In the realm of stadium facilities management, accessibility for spectators, staff, and players is an area of increasing focus that aims to ensure equitable access for all. While modern stadiums are designed to facilitate physical access, disability is diverse, encompassing a range of needs.
Accessibility consultancy Direct Access demonstrated a range of access tools this March at an accessibility event at Chelsea’s Stamford Bridge stadium. Craig Acton, Head Coach for Nantwich Town Disability Football was on hand to demonstrate the range of large print materials, Braille formats, and audio descriptions, ensuring that every fan, regardless of their visual or auditory abilities, can fully engage with matches.

These include:
- Braille – transcribing documents or text into Braille for match day or event programmes.
- Accessible menus – designed for neurodiverse, visually impaired or dyslexic customers, large print and Braille menus allow onsite F&B outlets to provide vital information about food and drink products in a simplified, accessible format removing the requirement for a family member or member of staff to read out the selection.

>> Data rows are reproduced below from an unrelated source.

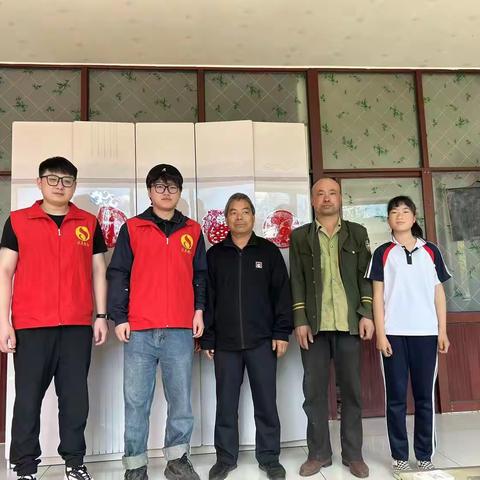 青春守护点对点 关爱留守儿童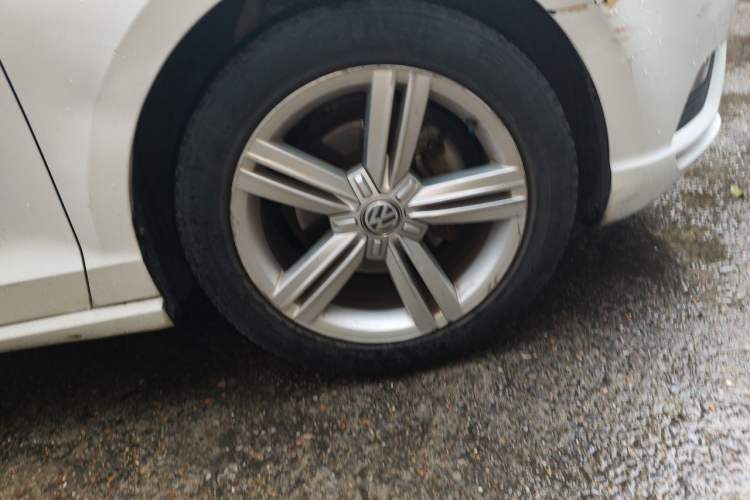 Used Volkswagen Lamando 2017 280TSI DSG Comfort Edition Right Front Wheel Hub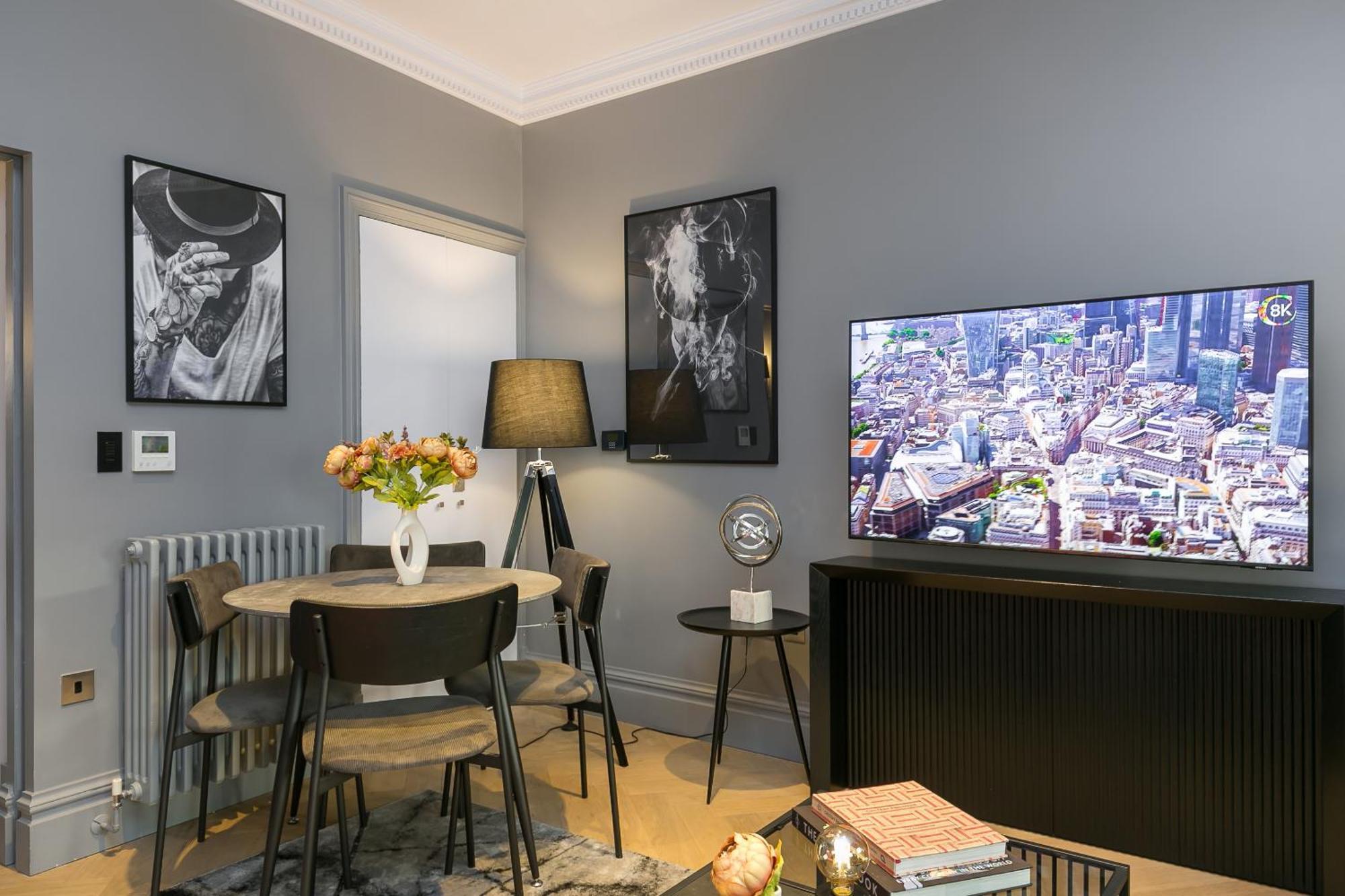Urban Chic - Broad Court Apartment London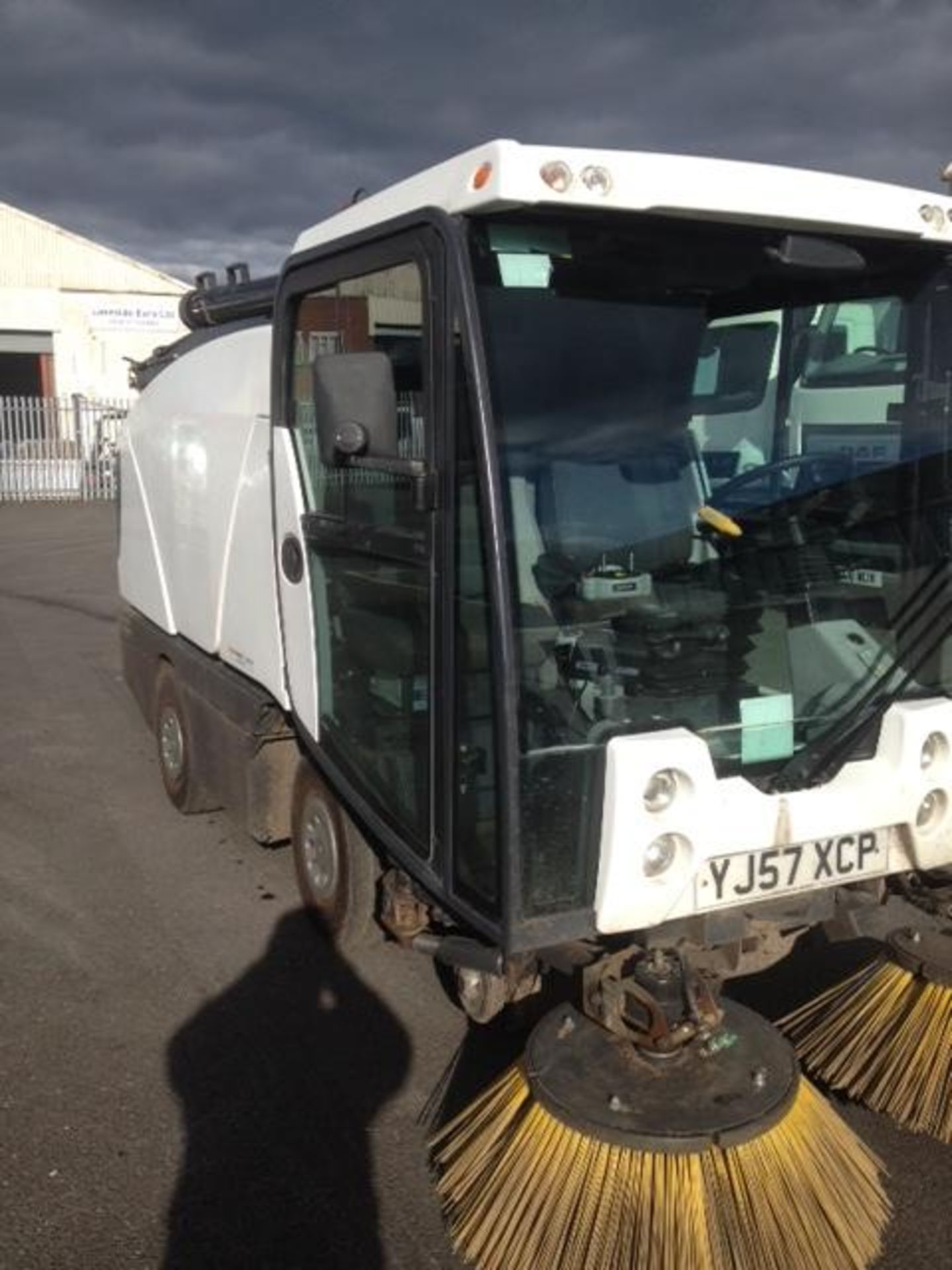 JOHNSTON COMPACT ROAD SWEEPER - Model: CX200 - Date in Service: Nov 2007 - Reg: YJ57 XCP - Hours: 82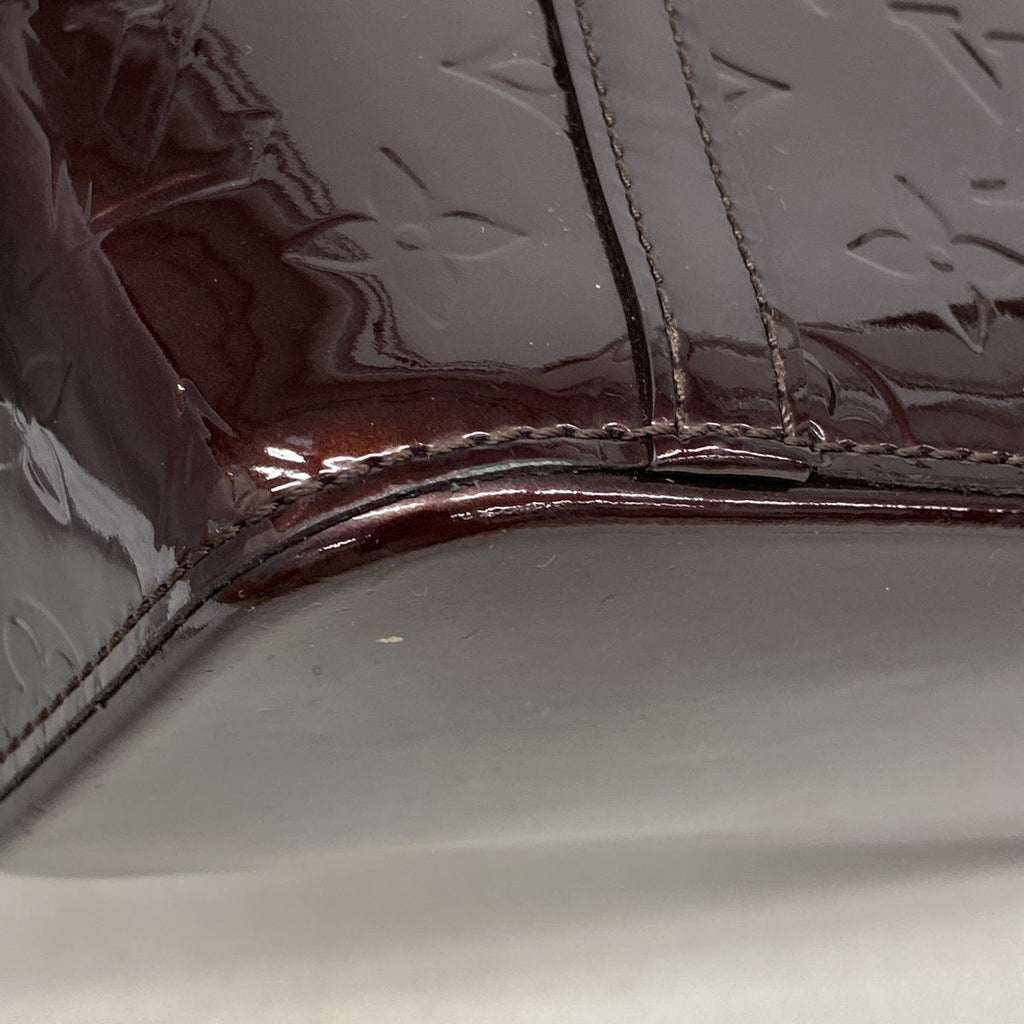 Louis Vuitton Shoulder Bag Vernis Avalon MM Amarante — view 7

- Tactile map boards providing wayfinding information in tactile, pictorial and Braille formats with QR links to audio description and sign language videos, these enable people to navigate around with ease.
Their dedicated recording studios and tactile production facilities are stationed within an Accessible Media and Innovation Centre, managed by a team of disabled people with a mission to empower other disabled people through equity of information.
As of 2024, the NHS reports that approximately two million people in the UK are affected by sight loss, which equates to one in 34 individuals overall. Of this number, around 340,000 are officially registered as blind or partially sighted. When we consider how many of which are likely to be sports fans, offering accessible media such as menus, seasonal guides, and newsletters in accessible formats makes sense.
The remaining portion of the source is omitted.